旧ロゴは白地に横長に伸びたフォルムなのに対して、新ロゴはグレー地に縦長なフォルムで、シンプルでより洗練されたデザインになっています。

[ CELINE ]

旧ロゴは「E」の文字の上に「’」特徴的なアクセントがありましたが、新ロゴはアクセントを削除し、文字間を狭めウエイトも重いデザインになっています。

[ BURBERRY ]

旧ロゴはセリフ体で馬のシンボルが目立ちます。新ロゴは馬のシンボルを削除し、シンプルなサンセリフ体で視認性の高いデザインになっています。

ブランドとしての独自性とは

ブランドにとって独自性はとても重要なはずです。このように似たようなロゴばかりでいいのでしょうか?上記のロゴ一覧で比較してみると、どれも似たようなフォントに見えます。海外の考え方は「フォントは完成されたもの」であり、選んだフォントをそのまま使うことも多いため、似たようなロゴが存在しているようです。

視認性重視のロゴデザインの現状

ハイブランドがなぜブランドのロゴをリニューアルするのか?それは時代とともに移りゆくメディアが関係しています。

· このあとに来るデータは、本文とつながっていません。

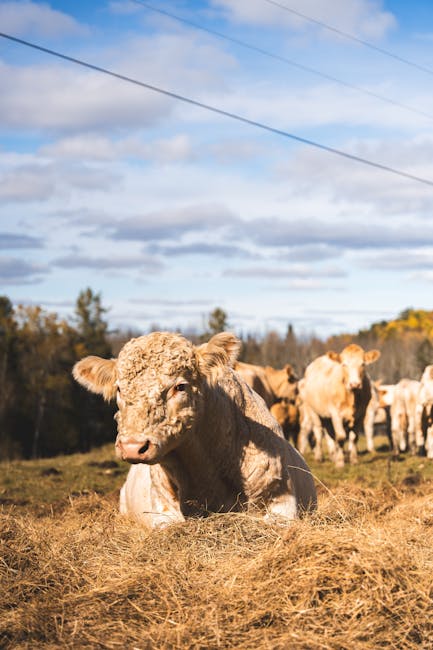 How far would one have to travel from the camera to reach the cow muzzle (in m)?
5.28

今までは消費者が情報を得る手段として「紙」が主流でした。そして紙面で見るフォントとしては、「セリフ体が視認性が高く、ロゴも伝わりやすかったので多く使用されてきました。しかし、現在の情報を得る手段は「モバイル」が主流です。スマートフォンで小さな表記でも視認性が高いのが「サンセリフ体」だからです。実際、新しいブランドや人気のブランドはシンプルなサンセリフ体のロゴが多いのも事実なのです。

動画時代に対応するためのロゴデザイン

YouTubeなどは解像度の関係でセリフ体のひげ部分などはつぶれて消えてしまいます。例えば動画のサムネイルにサンセリフ体や明朝体を使用しているのを見たことがありますか?また、動画のテロップ、映画の字幕なども細い文字は映像と同化しやすかったりするため、太く可読性の高いフォントが求められます。その結果、サンセリフ体(ゴシック体)などが人気になったのも当然なのでしょう。こうしたフォントの時流はいつの時代も起こることなのです。

まとめ

ロゴデザインとフォントの関係はとても重要でイメージに大きく作用します。しかし、現在はイメージばかりを優先するのではなく、表示環境を考慮し「視認性」や「再現性」を重視する傾向も理解できます。どちらか一方を優先するのではなくバランスと調和のとれたロゴデザインの開発が一層求められるのでしょう。